The alert ToolsDBReplicationLagIsTooHigh triggers about once a month, and usually takes a few days to recover.

Check the list of sub-tasks below for a list of all occurrences. Each sub-task contains the database that caused the issue, so far they were:

  • s51698__yetkin (4 times)
  • s54113__spacemedia (twice)
  • s51434__mixnmatch_p (once)
  • s55593__PAGES (once)
  • s55462__imagehashpublic_p (once)
  • s53685__editgroups (once)

This is generally caused by big deletes in a single transaction. Using row-based replication (RBR) these deletes translate into thousands of events to replicate.

We should investigate what we can do to make this less frequent. One option is to add indexes to columns affected by the deletes. Another is to migrate the databases causing this issue to dedicated Trove instances (related: T291782: Migrate largest ToolsDB users to Trove).

Related Objects

Event Timeline

fnegri triaged this task as Medium priority.Feb 15 2024, 12:29 PM
fnegri updated the task description. (Show Details)

One thing we should probably check is how long the problematic queries take to complete on the primary host:

  • Do they take longer to complete in the replica because of RBR replication or do they take a very long time in the primary too?
  • Are they getting logged in the slow-query log?
  • Would setting a limit to query execution time in the primary help?

Do they take longer to complete in the replica because of RBR replication or do they take a very long time in the primary too?
Are they getting logged in the slow-query log?
Would setting a limit to query execution time in the primary help?

The latest query to cause a replication lag is T368250: [toolsdb] ToolsToolsDBReplicationLagIsTooHigh - 2024-06-21 and it is not logged in the primary slow-query log. We already have a limit to query execution time (introduced in this patch) but it's not preventing this issue.

We are currently using binlog_format=ROW. Setting binlog_format=MIXED (the same that is used in production) is likely to help, because it will hopefully choose the "statement" mode for the problematic queries that are now causing issues with replication. Docs: https://mariadb.com/kb/en/binary-log-formats/

We are currently using slave_parallel_mode=conservative. Setting slave_parallel_mode=optimistic (the same that is used in production) is likely to help because it should lead to more efficient CPU usage. Docs: https://mariadb.com/kb/en/parallel-replication/

fnegri updated the task description. (Show Details)

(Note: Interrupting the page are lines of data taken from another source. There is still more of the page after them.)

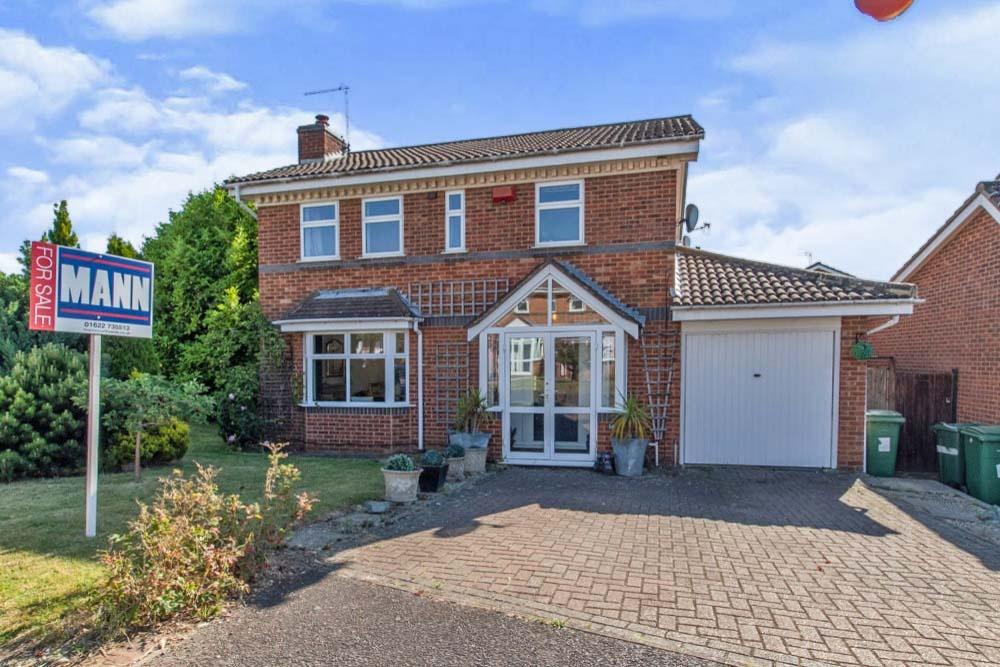3 bedroom detached house for sale in Wytherling Close, Bearsted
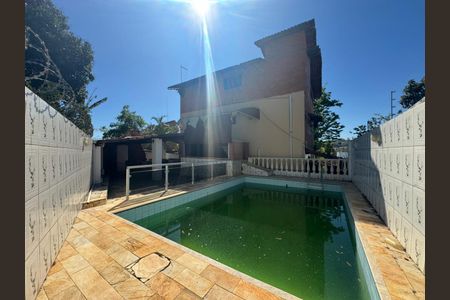 Casa à venda com 385m², 4 quartos e 8 vagasPiscina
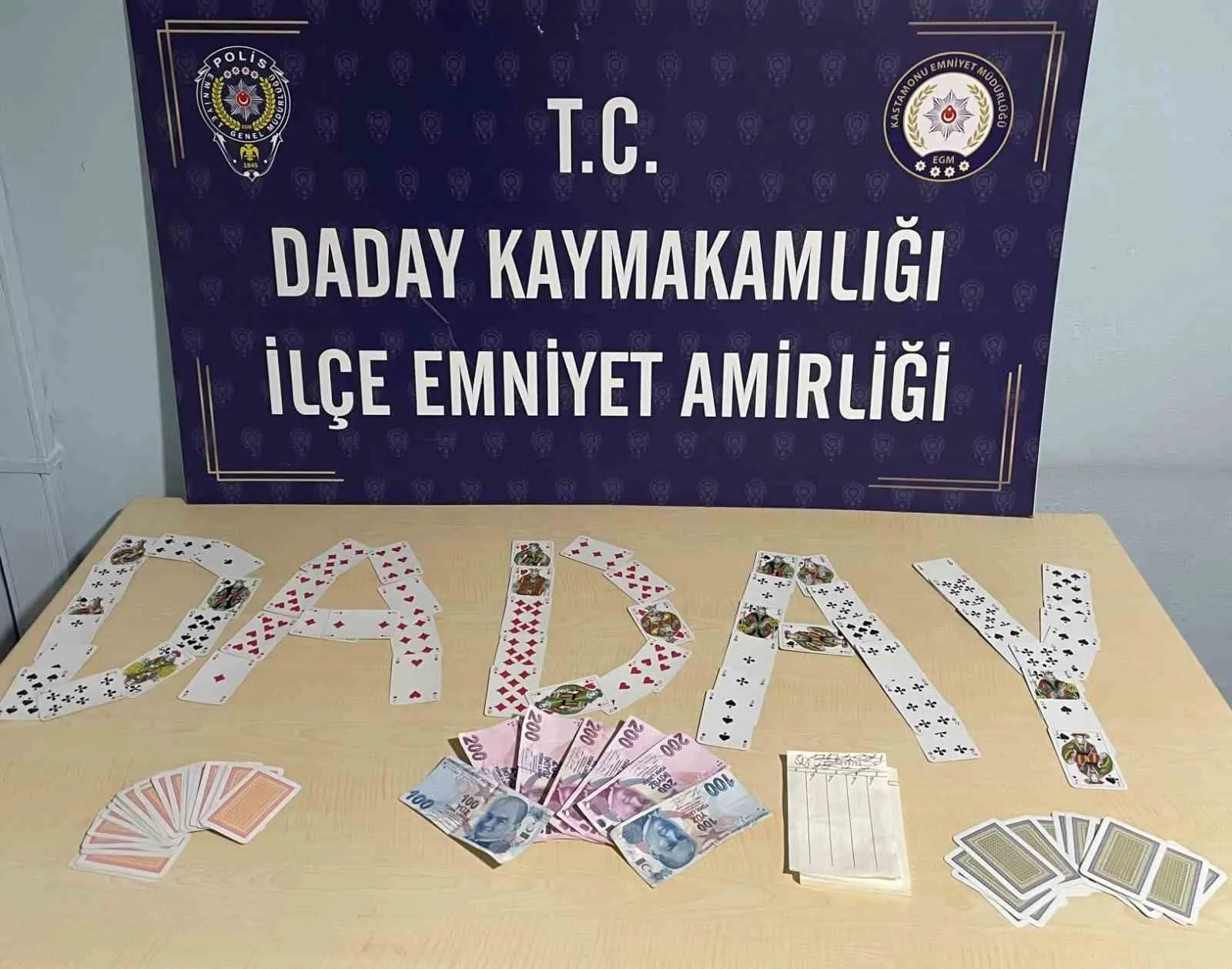 Kastamonu'da Daday ilçesinde kumar oynanan kıraathaneye polis baskını düzenlendi, 5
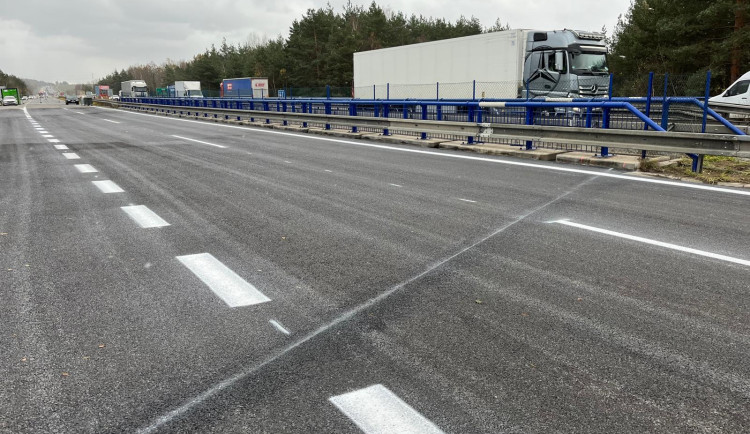 Most na 112. kilometru dálnice D1 u Jihlavy bude už o víkendu průjezdný bez omezení. Foto: Se svolením ŘSD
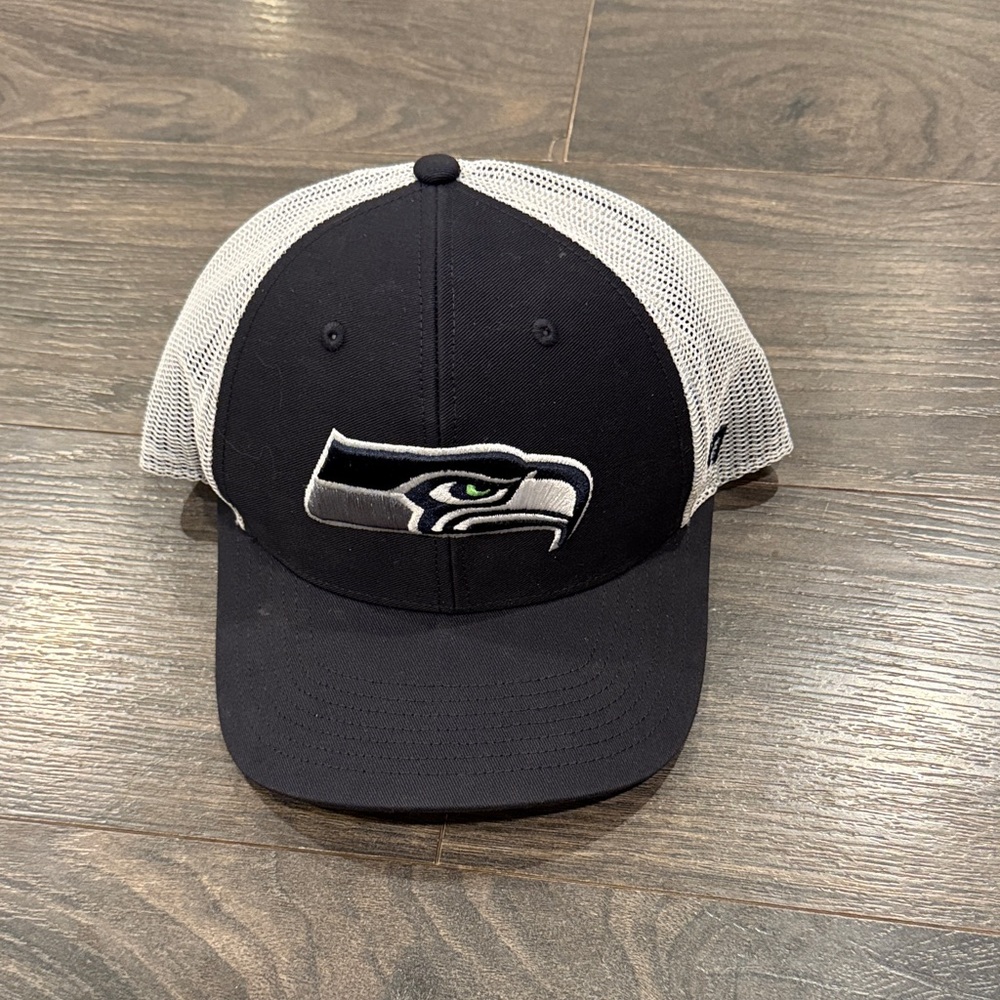 47’ Seattle Seahawks Black and White Cap youth size 8:9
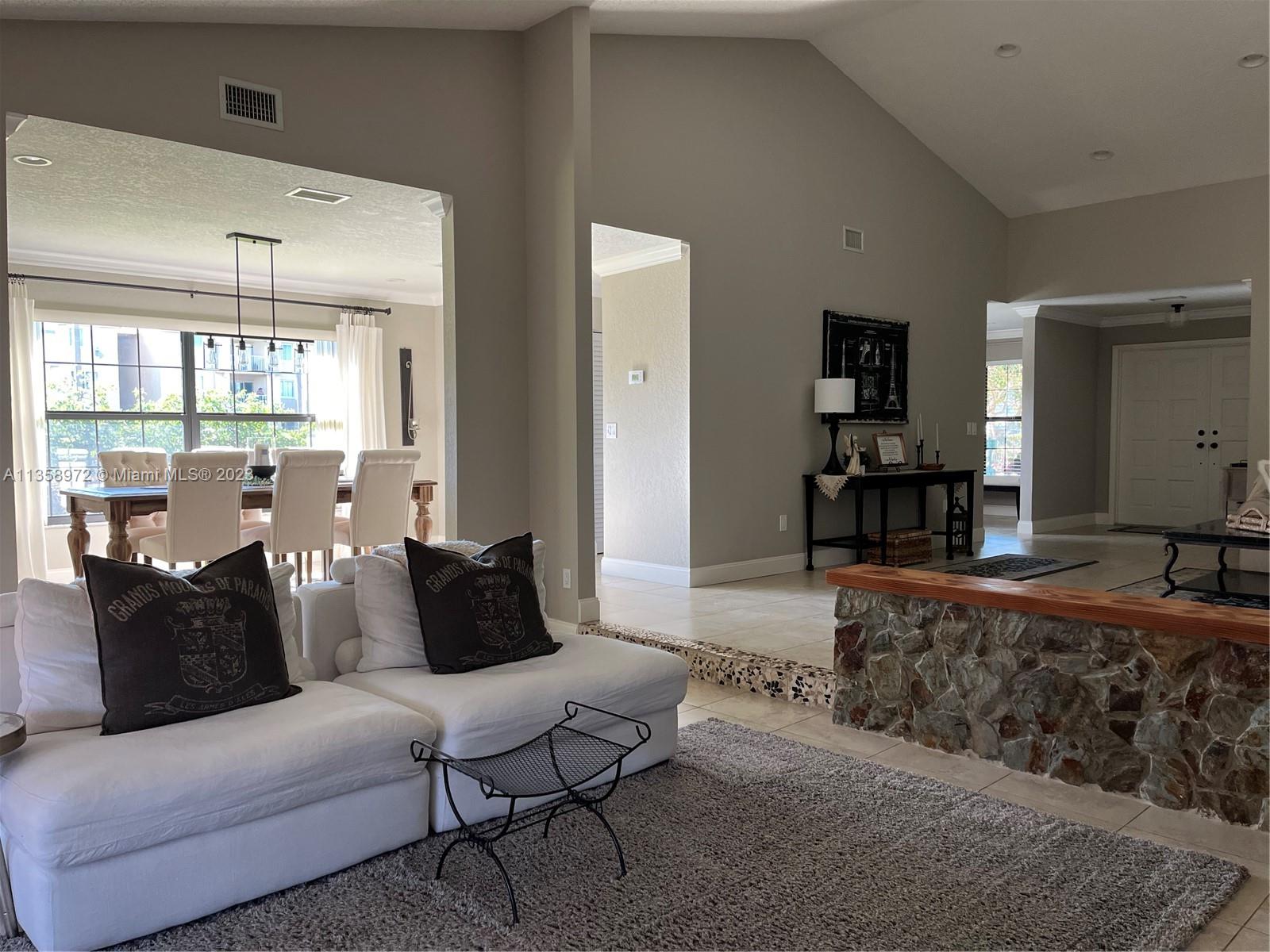 NOVA HILLS CONDOMINIUM 4 - Residential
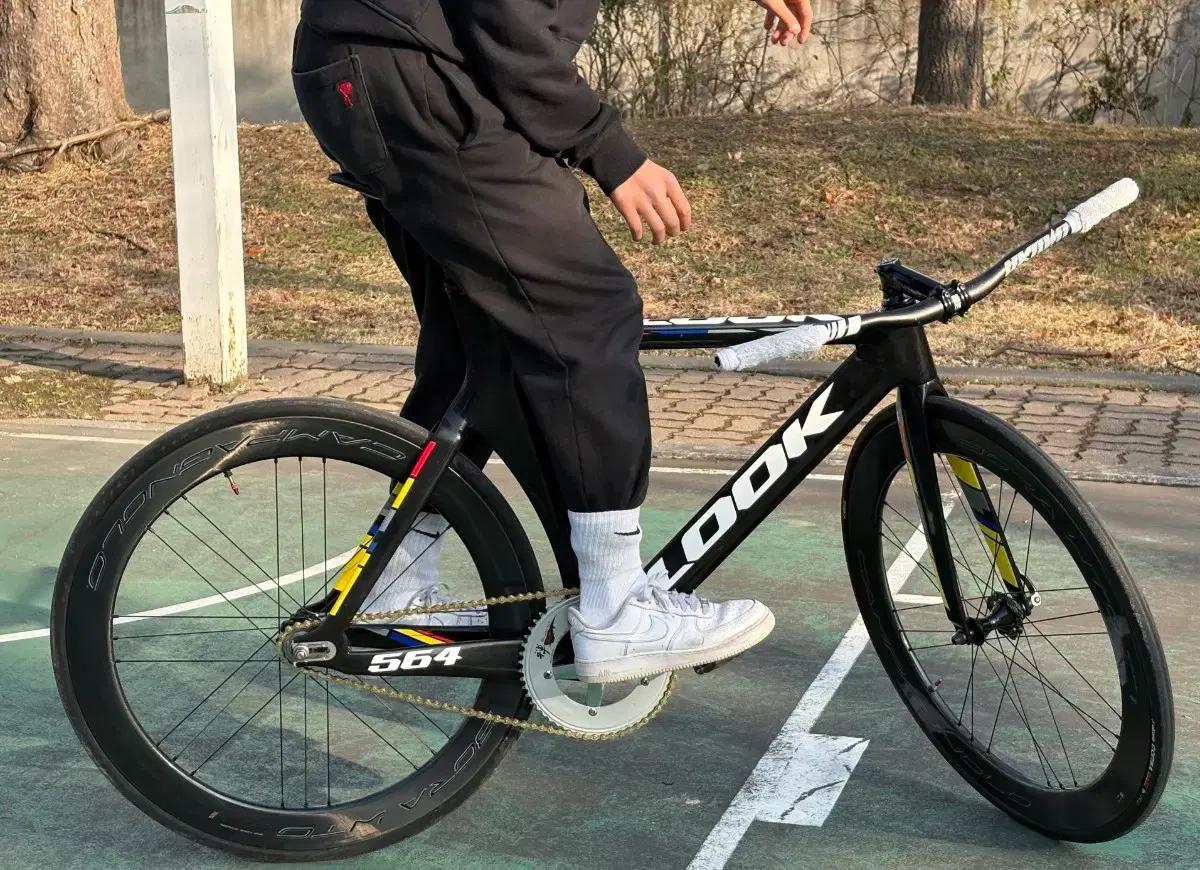 룩564 판매대차합니다 써벨로t4좋아합니다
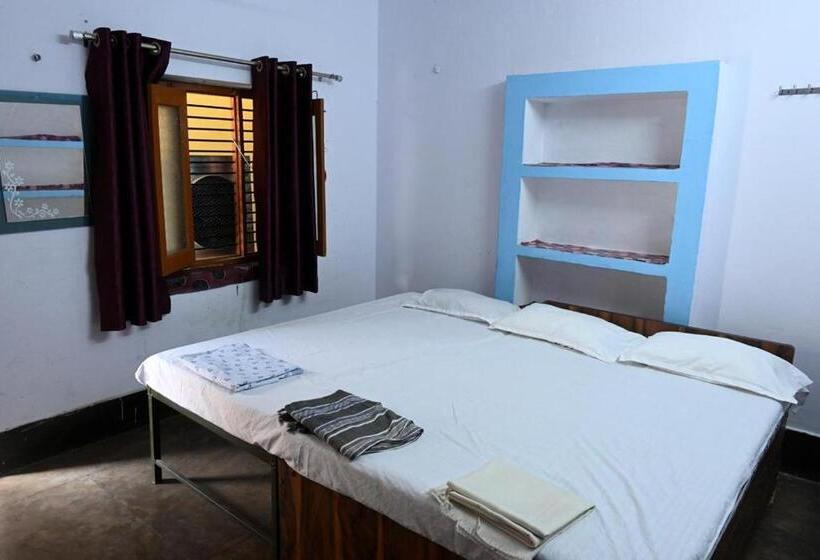 Номер Deluxe, Sandhya Guest House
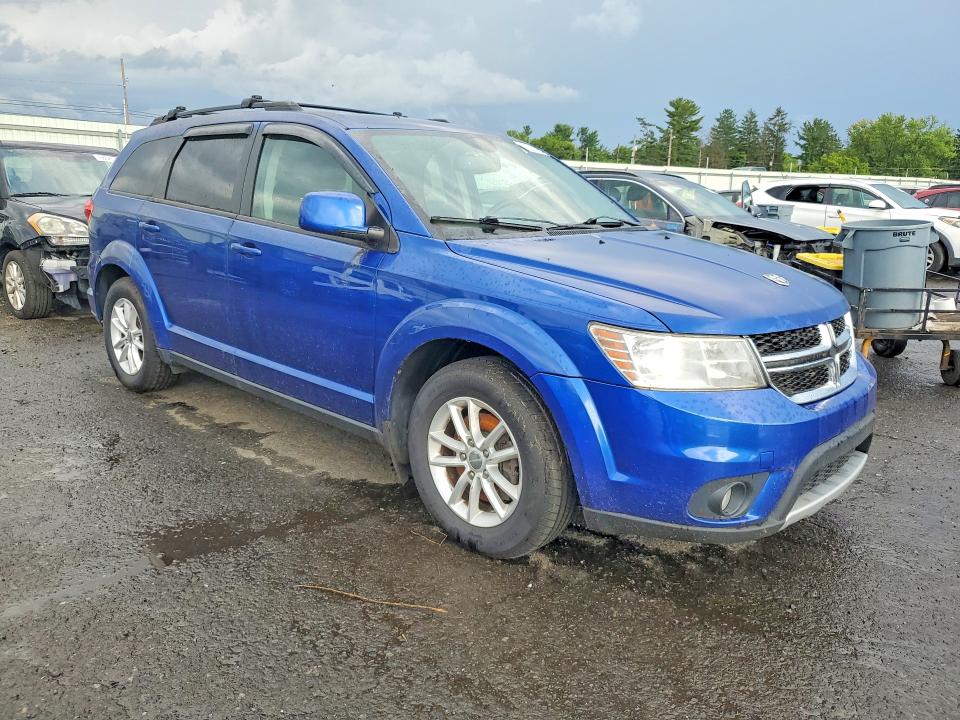 67002766 :رقم المزاد ، 3C4PDDBG2FT639660 vin ، 2015 Dodge Journey مزاد بيع
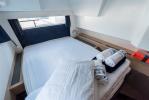 Yachtcharter Saona 47 5cab 5 wc aussenansicht 30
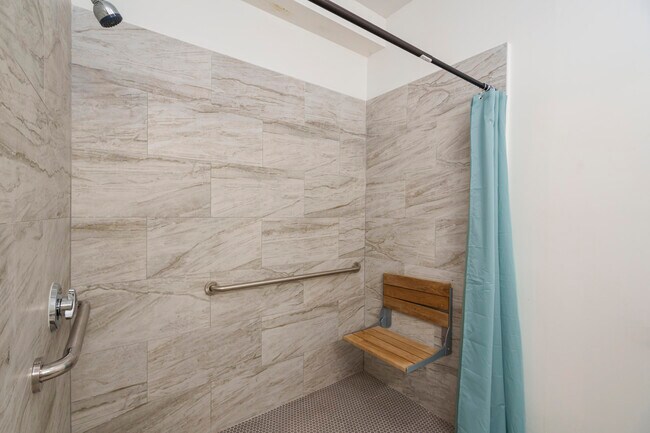 Building Photo - 1020 N Riverside Dr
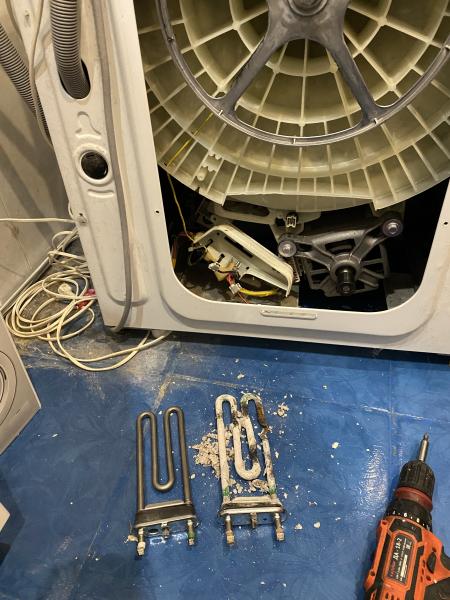 сергей:  Срочный ремонт стиральных машин и холодильников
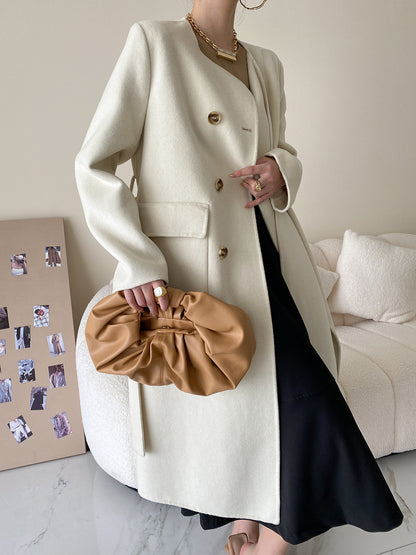 Winter Warm Designed Luxury Long Woolen Outerwear for Women
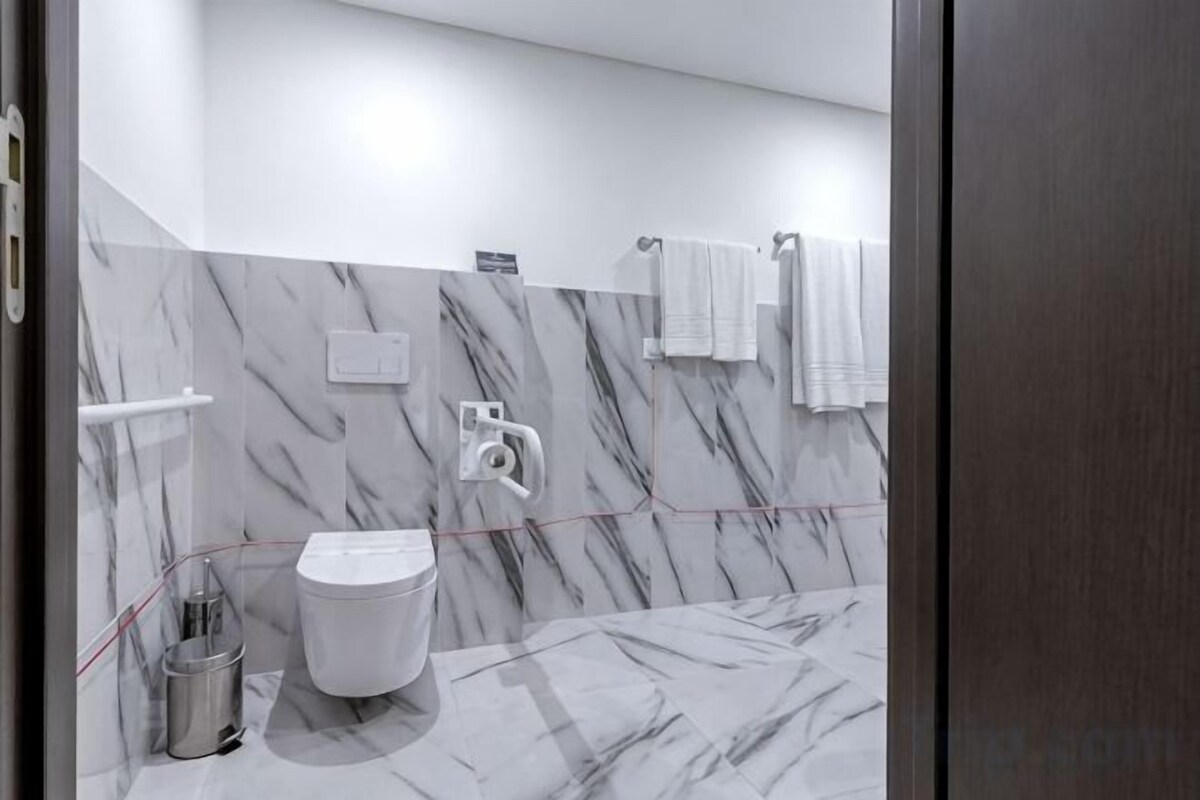 Bathroom | Shower, rainfall showerhead, free toiletries, hair dryer (on request)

We are currently using slave_parallel_mode=conservative. Setting slave_parallel_mode=optimistic (the same that is used in production) is likely to help because it should lead to more efficient CPU usage.

Since the upgrade to MariaDB 10.6 (T352206: [toolsdb] Upgrade to MariaDB 10.6), we are now using slave_parallel_mode=optimistic as it's the new default in MariaDB.

MariaDB [(none)]> SHOW GLOBAL VARIABLES LIKE "%parallel%";
+-------------------------------+------------+
| Variable_name                 | Value      |
+-------------------------------+------------+
| slave_domain_parallel_threads | 0          |
| slave_parallel_max_queued     | 131072     |
| slave_parallel_mode           | optimistic |
| slave_parallel_threads        | 12         |
| slave_parallel_workers        | 12         |
+-------------------------------+------------+